- **GOAL OF THE EXERCISE**
The answer must consist of each line of the records below that contains the string "Steel".

****

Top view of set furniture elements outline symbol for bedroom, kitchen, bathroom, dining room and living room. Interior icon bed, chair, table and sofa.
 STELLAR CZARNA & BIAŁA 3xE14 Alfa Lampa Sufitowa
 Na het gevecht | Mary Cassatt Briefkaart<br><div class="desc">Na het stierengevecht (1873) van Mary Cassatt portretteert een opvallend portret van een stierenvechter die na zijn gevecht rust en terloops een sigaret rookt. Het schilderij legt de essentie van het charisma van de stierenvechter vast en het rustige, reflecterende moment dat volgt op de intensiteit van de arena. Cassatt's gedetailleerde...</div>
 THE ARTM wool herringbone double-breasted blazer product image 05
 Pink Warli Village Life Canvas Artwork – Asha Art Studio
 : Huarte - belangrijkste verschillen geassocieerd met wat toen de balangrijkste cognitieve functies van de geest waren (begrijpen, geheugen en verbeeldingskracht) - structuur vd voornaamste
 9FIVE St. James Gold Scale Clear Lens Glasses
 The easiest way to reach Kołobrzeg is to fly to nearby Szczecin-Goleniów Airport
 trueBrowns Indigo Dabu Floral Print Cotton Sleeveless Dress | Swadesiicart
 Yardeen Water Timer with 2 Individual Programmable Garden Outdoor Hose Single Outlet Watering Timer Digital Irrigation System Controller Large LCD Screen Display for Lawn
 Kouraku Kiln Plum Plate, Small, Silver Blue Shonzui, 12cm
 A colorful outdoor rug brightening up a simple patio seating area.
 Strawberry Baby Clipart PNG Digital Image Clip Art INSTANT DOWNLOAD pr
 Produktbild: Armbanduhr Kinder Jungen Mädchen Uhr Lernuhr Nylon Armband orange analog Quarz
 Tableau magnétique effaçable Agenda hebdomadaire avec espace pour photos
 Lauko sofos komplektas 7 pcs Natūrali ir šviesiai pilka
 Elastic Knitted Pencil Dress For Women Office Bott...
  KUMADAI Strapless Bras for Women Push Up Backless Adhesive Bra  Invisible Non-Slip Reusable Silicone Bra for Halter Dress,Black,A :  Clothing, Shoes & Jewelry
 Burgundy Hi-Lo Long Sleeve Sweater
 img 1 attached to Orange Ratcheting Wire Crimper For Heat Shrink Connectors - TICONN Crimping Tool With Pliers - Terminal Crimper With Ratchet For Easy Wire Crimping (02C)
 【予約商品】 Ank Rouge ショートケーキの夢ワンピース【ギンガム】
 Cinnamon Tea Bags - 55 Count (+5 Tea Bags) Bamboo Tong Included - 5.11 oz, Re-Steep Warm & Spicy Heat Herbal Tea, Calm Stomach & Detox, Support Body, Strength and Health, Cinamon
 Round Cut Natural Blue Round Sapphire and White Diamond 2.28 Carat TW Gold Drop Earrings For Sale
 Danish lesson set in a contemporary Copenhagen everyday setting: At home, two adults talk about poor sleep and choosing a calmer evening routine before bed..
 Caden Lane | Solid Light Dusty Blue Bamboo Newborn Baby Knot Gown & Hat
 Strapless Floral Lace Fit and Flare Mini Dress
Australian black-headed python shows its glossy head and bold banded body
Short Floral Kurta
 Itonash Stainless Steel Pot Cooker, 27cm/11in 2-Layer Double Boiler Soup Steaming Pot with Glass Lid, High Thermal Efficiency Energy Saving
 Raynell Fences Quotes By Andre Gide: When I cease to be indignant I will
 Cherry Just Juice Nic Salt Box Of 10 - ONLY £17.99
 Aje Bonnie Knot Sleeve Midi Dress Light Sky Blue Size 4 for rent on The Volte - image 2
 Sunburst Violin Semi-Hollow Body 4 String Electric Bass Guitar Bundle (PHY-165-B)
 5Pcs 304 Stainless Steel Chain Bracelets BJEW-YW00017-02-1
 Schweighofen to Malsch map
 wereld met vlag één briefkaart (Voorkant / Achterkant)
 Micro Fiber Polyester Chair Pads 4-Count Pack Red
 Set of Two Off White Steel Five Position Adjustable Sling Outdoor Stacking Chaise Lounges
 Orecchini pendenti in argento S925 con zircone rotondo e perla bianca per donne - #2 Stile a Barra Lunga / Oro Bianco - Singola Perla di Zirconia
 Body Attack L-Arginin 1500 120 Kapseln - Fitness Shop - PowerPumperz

****

- **SOLUTION FOR THIS PROBLEM**
 Itonash Stainless Steel Pot Cooker, 27cm/11in 2-Layer Double Boiler Soup Steaming Pot with Glass Lid, High Thermal Efficiency Energy Saving
 5Pcs 304 Stainless Steel Chain Bracelets BJEW-YW00017-02-1
 Set of Two Off White Steel Five Position Adjustable Sling Outdoor Stacking Chaise Lounges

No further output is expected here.